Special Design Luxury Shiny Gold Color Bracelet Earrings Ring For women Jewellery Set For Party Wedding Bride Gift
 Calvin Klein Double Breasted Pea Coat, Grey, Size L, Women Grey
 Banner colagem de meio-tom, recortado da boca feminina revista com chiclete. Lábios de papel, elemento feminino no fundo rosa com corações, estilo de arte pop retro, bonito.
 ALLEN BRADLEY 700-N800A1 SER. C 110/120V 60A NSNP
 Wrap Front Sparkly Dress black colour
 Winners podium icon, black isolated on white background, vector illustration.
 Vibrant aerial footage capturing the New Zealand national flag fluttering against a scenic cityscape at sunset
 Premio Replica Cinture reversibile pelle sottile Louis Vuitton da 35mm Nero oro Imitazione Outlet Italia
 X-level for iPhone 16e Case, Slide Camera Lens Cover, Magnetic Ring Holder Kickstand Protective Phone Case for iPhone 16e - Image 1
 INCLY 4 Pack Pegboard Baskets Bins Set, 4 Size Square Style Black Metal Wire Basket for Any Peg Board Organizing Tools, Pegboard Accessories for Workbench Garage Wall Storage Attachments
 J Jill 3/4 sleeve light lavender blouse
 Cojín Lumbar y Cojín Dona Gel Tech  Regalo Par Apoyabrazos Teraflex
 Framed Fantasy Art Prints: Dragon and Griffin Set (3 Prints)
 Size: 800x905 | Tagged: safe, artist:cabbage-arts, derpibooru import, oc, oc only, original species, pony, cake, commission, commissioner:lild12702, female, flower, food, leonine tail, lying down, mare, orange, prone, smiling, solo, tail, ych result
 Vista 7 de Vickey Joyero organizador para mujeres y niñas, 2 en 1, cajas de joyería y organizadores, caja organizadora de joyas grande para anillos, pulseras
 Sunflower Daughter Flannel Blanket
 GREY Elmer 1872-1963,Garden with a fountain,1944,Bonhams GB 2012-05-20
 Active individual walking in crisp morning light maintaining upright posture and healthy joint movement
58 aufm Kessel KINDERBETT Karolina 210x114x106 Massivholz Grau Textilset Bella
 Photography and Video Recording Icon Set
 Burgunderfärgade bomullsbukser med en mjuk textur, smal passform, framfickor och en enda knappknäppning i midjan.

********************

From the line that contains "Cojín Lumbar y" through the final line of the entries above, every line must be reproduced exactly and nothing more.

 Cojín Lumbar y Cojín Dona Gel Tech  Regalo Par Apoyabrazos Teraflex
 Framed Fantasy Art Prints: Dragon and Griffin Set (3 Prints)
 Size: 800x905 | Tagged: safe, artist:cabbage-arts, derpibooru import, oc, oc only, original species, pony, cake, commission, commissioner:lild12702, female, flower, food, leonine tail, lying down, mare, orange, prone, smiling, solo, tail, ych result
 Vista 7 de Vickey Joyero organizador para mujeres y niñas, 2 en 1, cajas de joyería y organizadores, caja organizadora de joyas grande para anillos, pulseras
 Sunflower Daughter Flannel Blanket
 GREY Elmer 1872-1963,Garden with a fountain,1944,Bonhams GB 2012-05-20
 Active individual walking in crisp morning light maintaining upright posture and healthy joint movement
58 aufm Kessel KINDERBETT Karolina 210x114x106 Massivholz Grau Textilset Bella
 Photography and Video Recording Icon Set
 Burgunderfärgade bomullsbukser med en mjuk textur, smal passform, framfickor och en enda knappknäppning i midjan.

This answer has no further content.